▶ TASK BRIEF:
Once you reach the line with "Saturn from Cassini" in the material below, copy each line exactly up to and including the line with "Modern Bouclé Modular", and skip the pictures.

▶ DATA TO PROCESS:
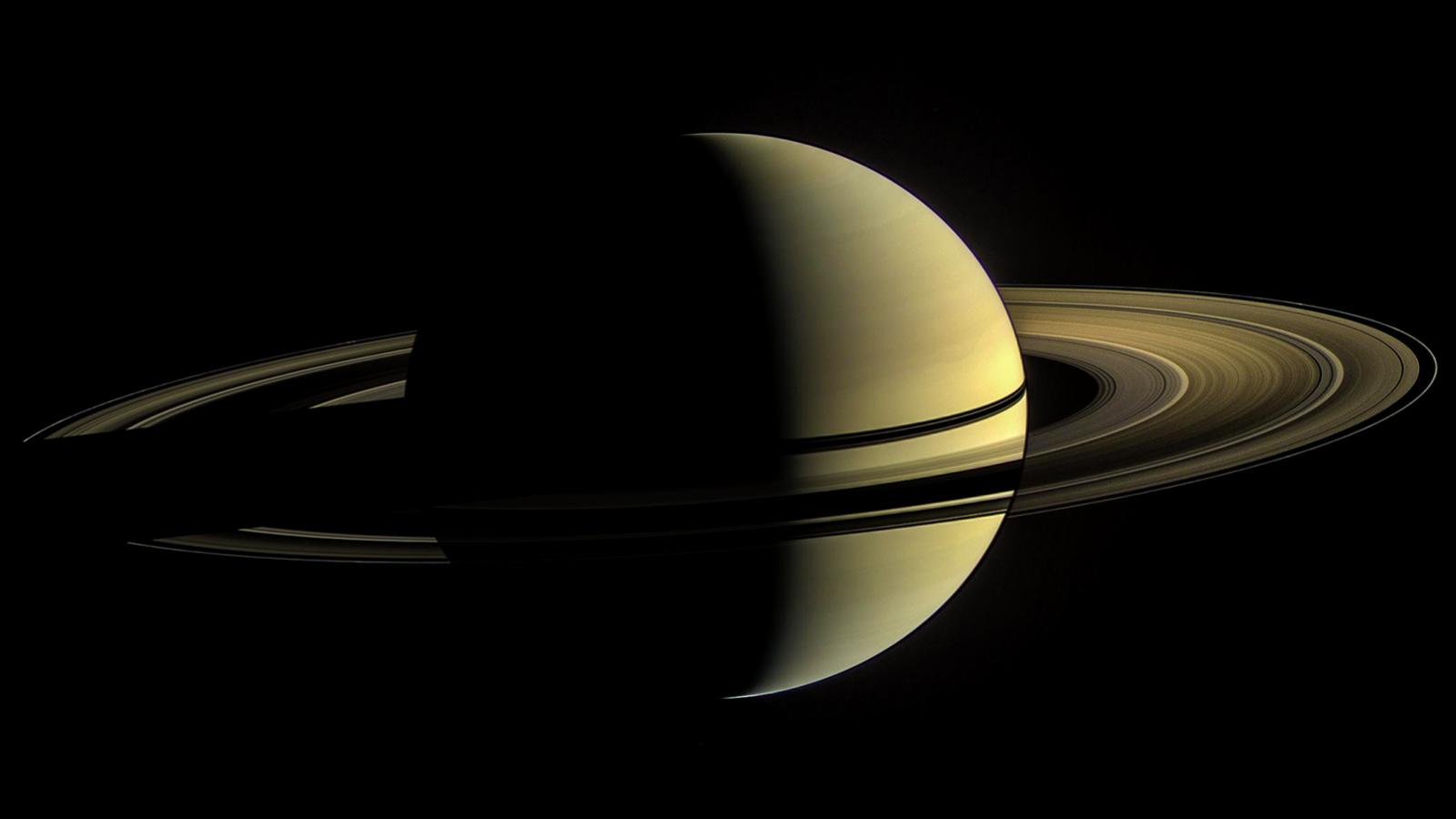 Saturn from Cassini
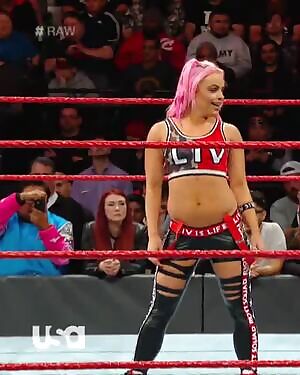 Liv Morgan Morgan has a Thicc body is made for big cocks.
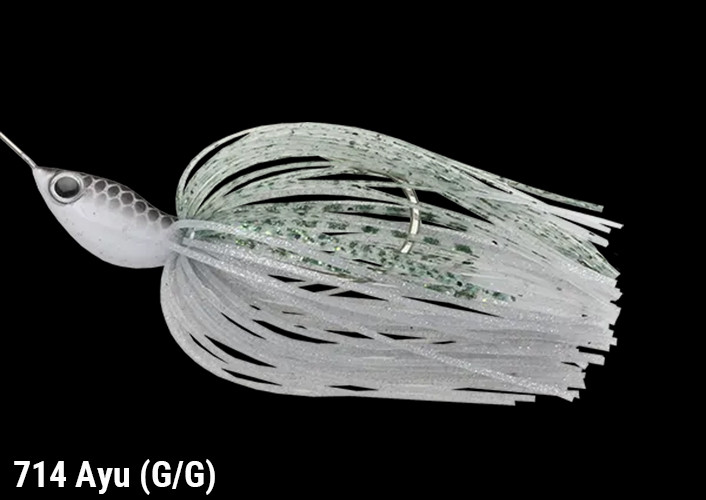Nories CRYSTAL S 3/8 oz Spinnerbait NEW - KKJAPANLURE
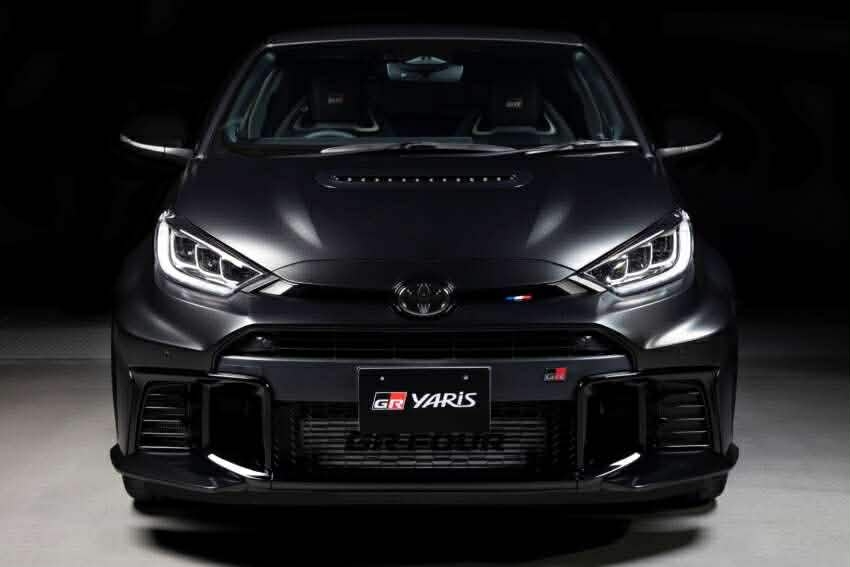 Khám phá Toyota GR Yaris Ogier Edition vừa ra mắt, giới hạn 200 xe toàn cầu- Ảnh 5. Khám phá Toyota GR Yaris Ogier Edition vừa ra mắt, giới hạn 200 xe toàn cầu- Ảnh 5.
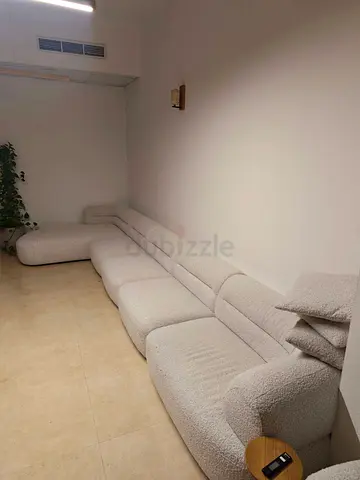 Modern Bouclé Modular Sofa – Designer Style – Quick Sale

* * *

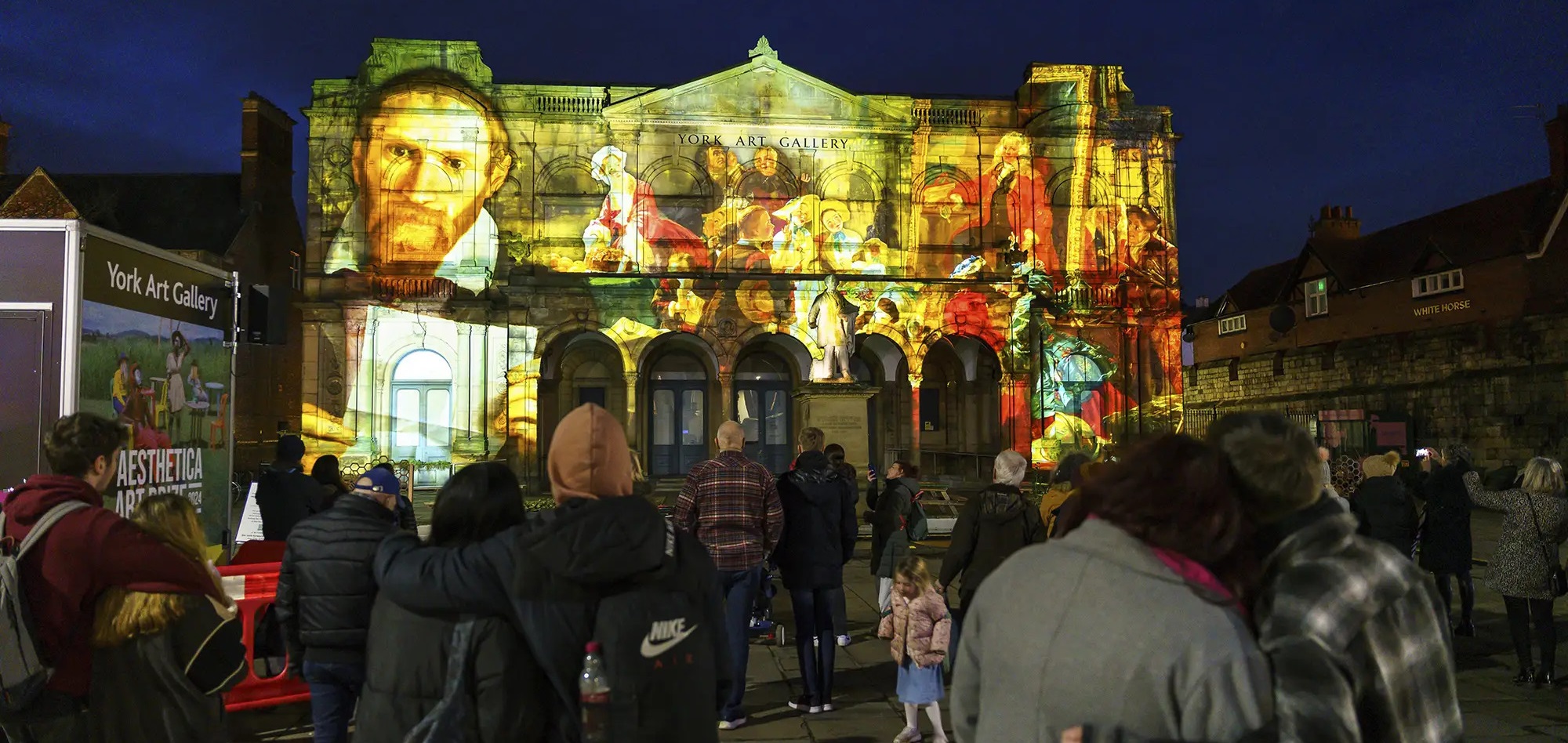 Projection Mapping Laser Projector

---

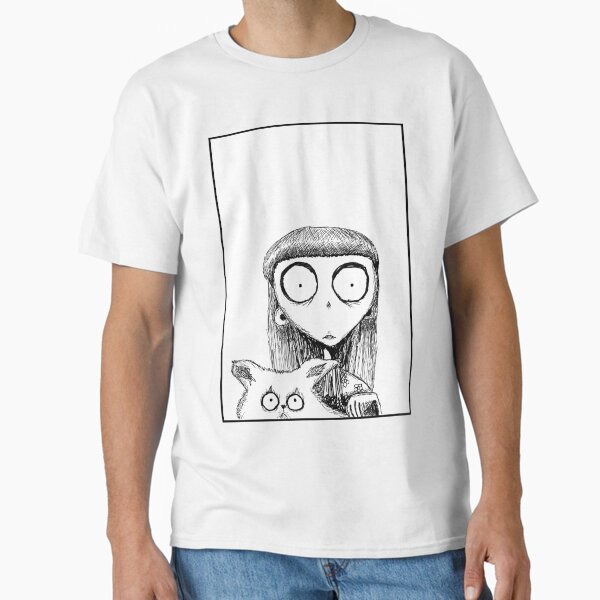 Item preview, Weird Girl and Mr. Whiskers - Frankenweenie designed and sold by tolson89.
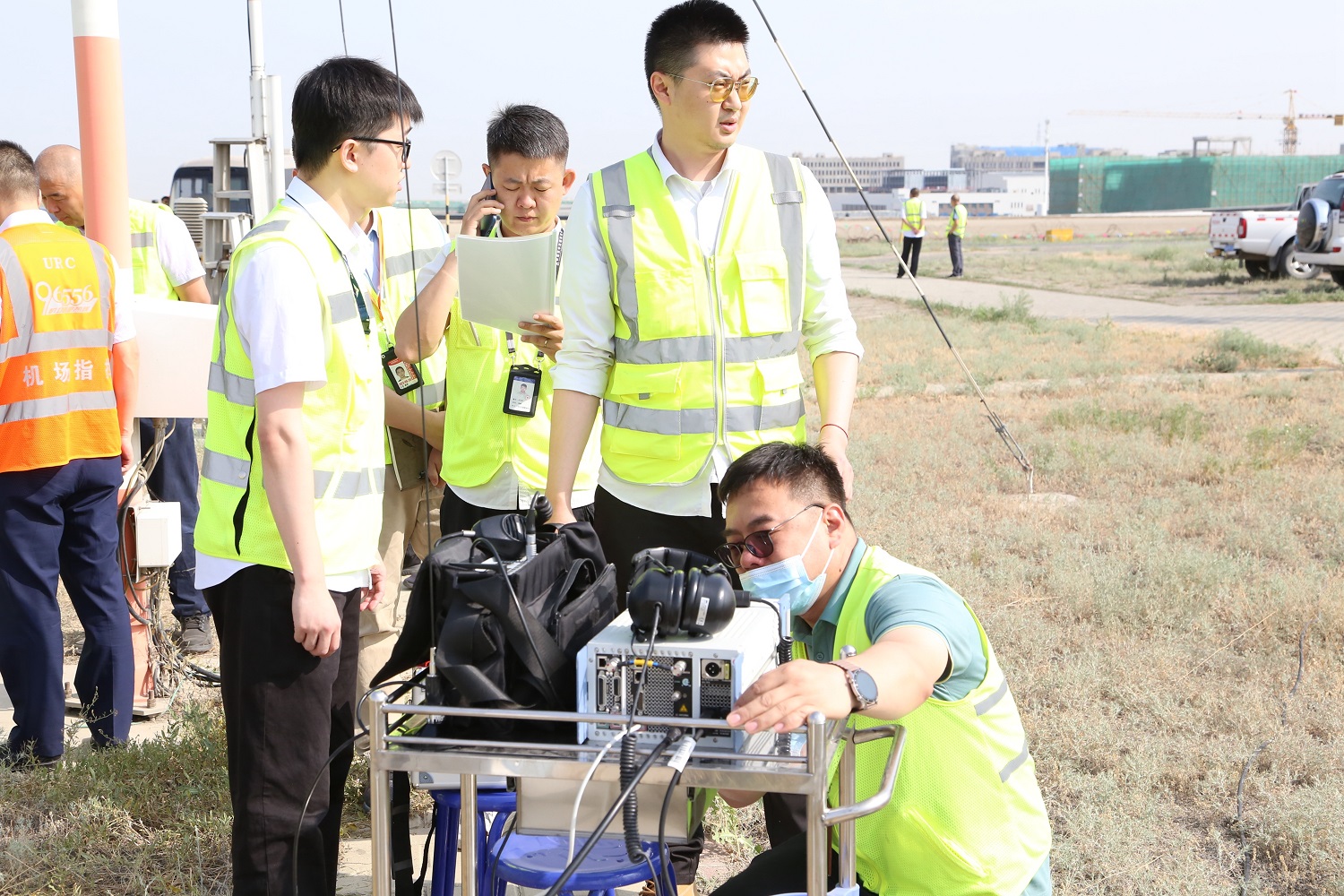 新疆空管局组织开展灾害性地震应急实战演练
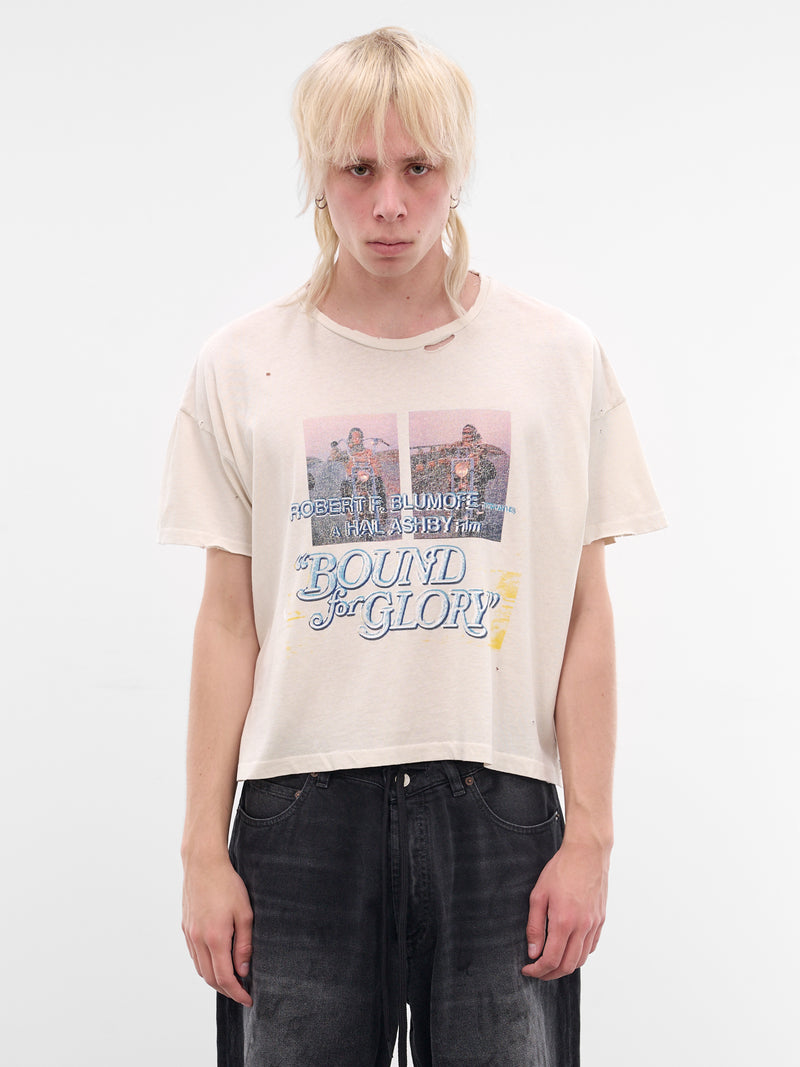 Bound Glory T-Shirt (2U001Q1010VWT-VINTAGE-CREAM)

▶ ANSWER TO THE EXERCISE:
 Saturn from Cassini
 Liv Morgan Morgan has a Thicc body is made for big cocks.
Nories CRYSTAL S 3/8 oz Spinnerbait NEW - KKJAPANLURE
 Khám phá Toyota GR Yaris Ogier Edition vừa ra mắt, giới hạn 200 xe toàn cầu- Ảnh 5. Khám phá Toyota GR Yaris Ogier Edition vừa ra mắt, giới hạn 200 xe toàn cầu- Ảnh 5.
 Modern Bouclé Modular Sofa – Designer Style – Quick Sale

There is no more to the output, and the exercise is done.